We are often asked for advice on which painkillers to take for dental pain. Firstly we would point out that painkillers are to be taken for temporary relief of pain. The longer a medication is taken the more unwanted side effects may become apparent.
Perhaps this is the most well known of painkillers. Children cannot take this drug, as there is thought to be a connection with Reye's syndrome. (A rare but unpleasant condition) side effects are similar to Ibuprofen. Aspirin has to be swallowed to work, sometimes patients think that they can be used topically, this just causes a "chemical burn" so this practice should be avoided. Patients are advised that taking aspirin before a tooth extraction will probably lead to more bleeding, owing to it's "blood thinning" properties.
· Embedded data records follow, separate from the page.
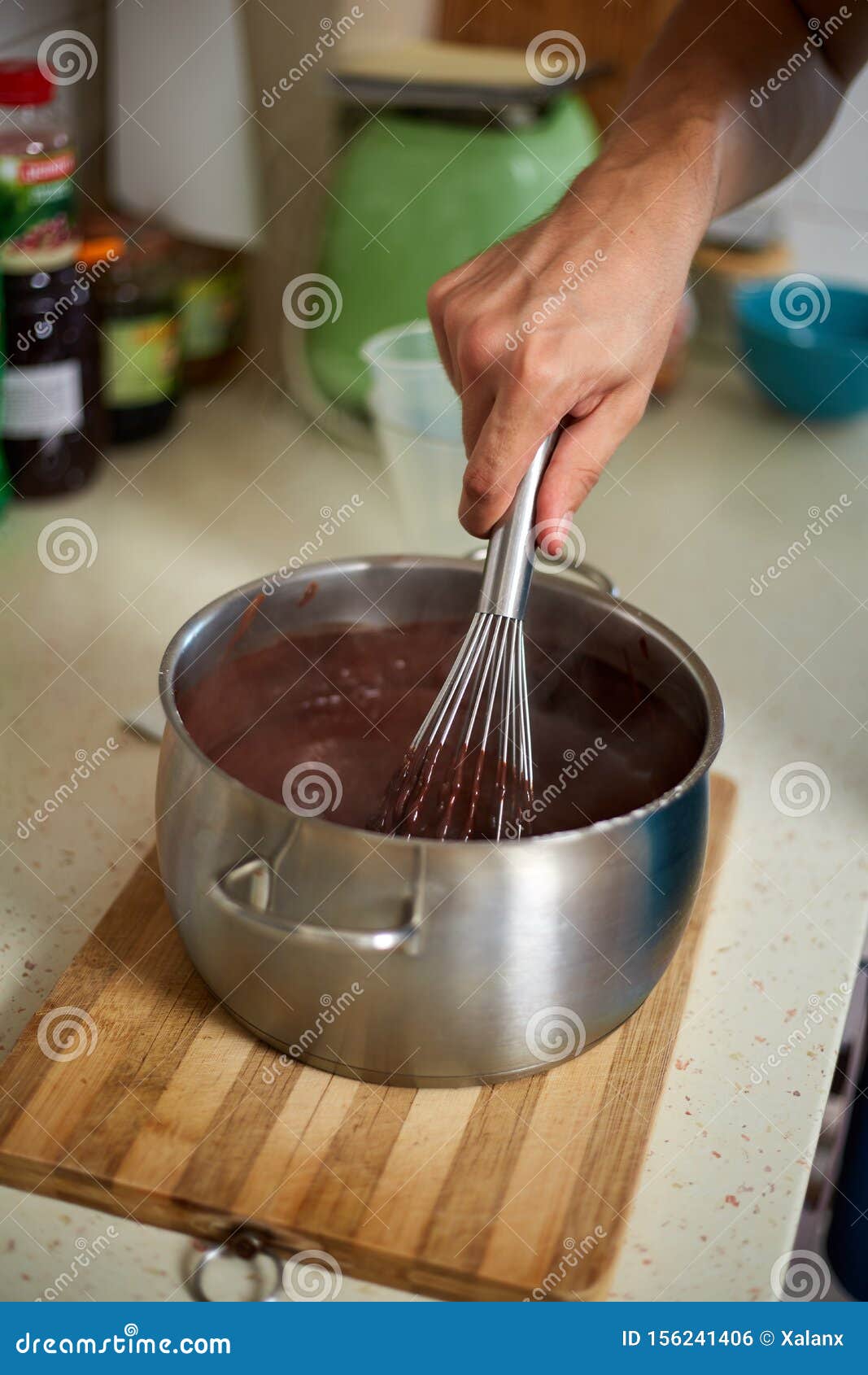 Preparing Homemade Chocolate Pudding, Closeup on Hands Stock Photo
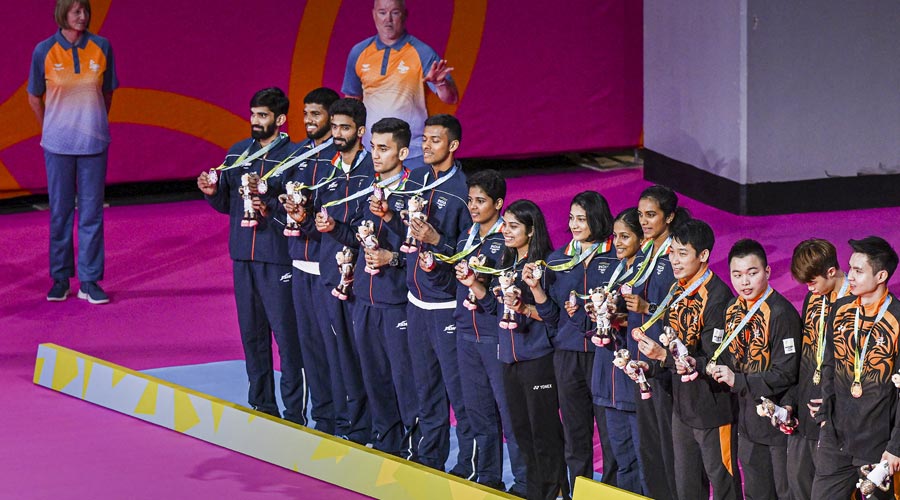 Silver medalist Indian team poses for photographs during the presentation ceremony of the badminton mixed team event, at the Commonwealth Games 2022 (CWG), in Birmingham, UK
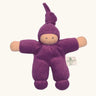 Nanchel pimpel waldorf doll in purple. Showing cute facial features and a tie on the hat. Doll has a terry cloth body 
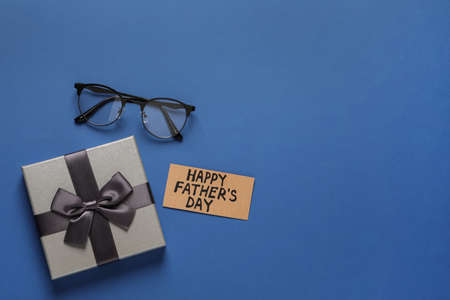 Card with phrase HAPPY FATHER'S DAY, eyeglasses and gift box on blue background, flat lay. Space for...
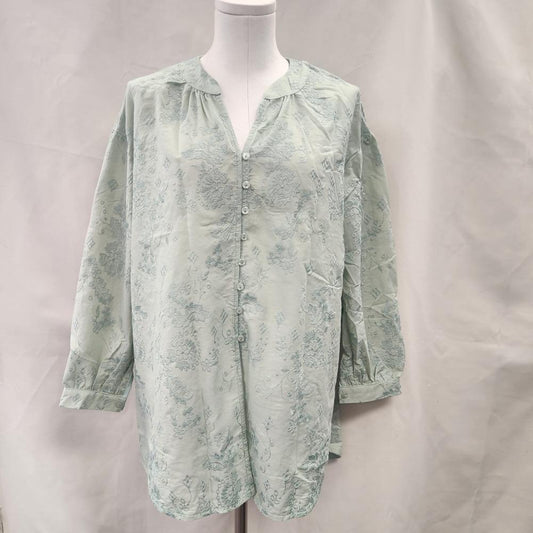 Front full view of Pistachio green buttoned front long sleeve top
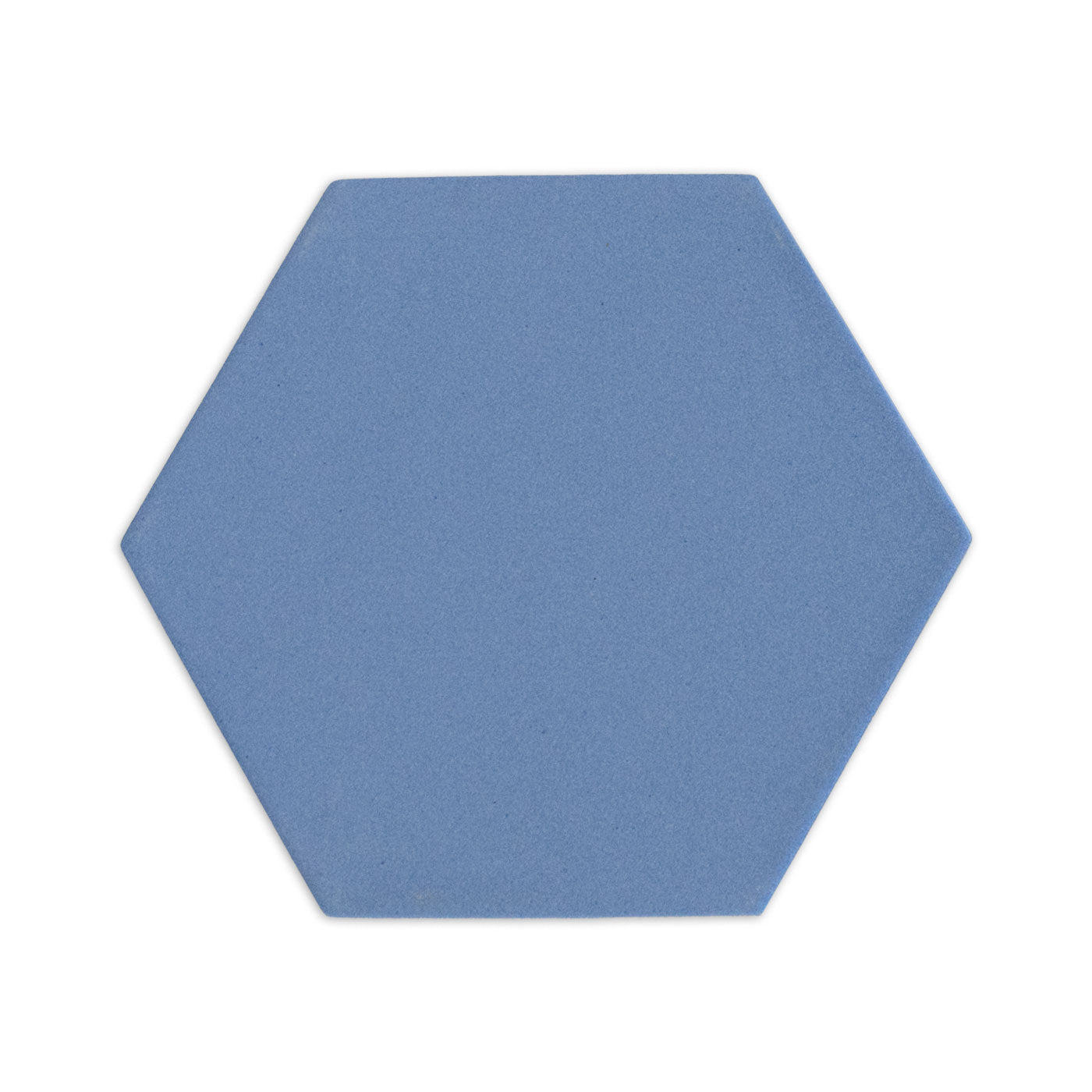Hexagon tile sample in denim blue by Clay Imports with a matte, textured finish, isolated on white.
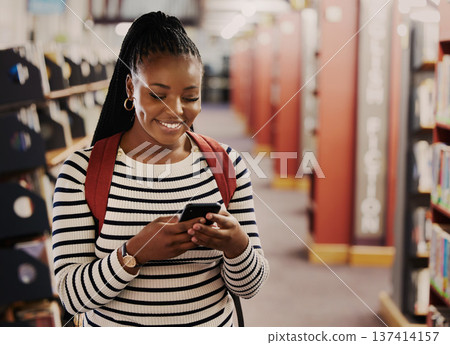 Student, reading and woman in library with phone for research, information or browsing internet, website or social media. College, campus and girl typing on smartphone for info communication or chat 137414157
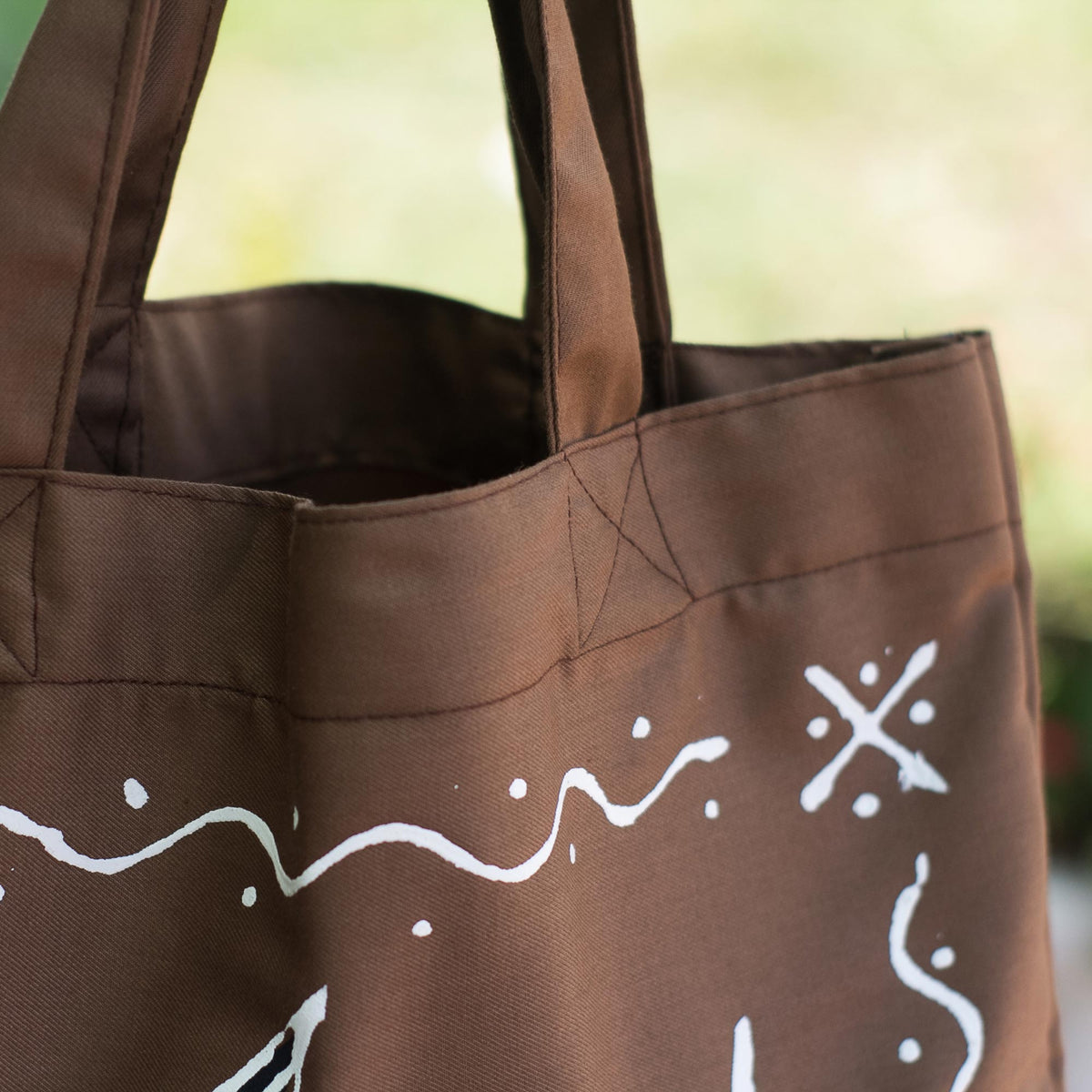 Blowing Bubbles In Brown Cotton Tote Bag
Sadly like aspirin this drug causes gastro-intestinal irritation, but unlike aspirin children can take it. Side effects of this drug include; fluid retention, headaches, dizziness, vertigo makes you not want to take them! Also as with Aspirin Asthmatics have to avoid Ibuprofen.
Paracetamol doesn't irritate the stomach like the two drugs above and as it doesn't affect bleeding, so patients on warfarin can use it. Saying that Paracetamol is dangerous in overdosage, patients should always read the label and stick to the printed recommendations.
How they work.
Non-steroidal anti-inflammatory drugs (NSAID) work by blocking the production of chemicals known as prostaglandins. Paracetamol works in a similar way though of course it is not an anti-inflammatory drug.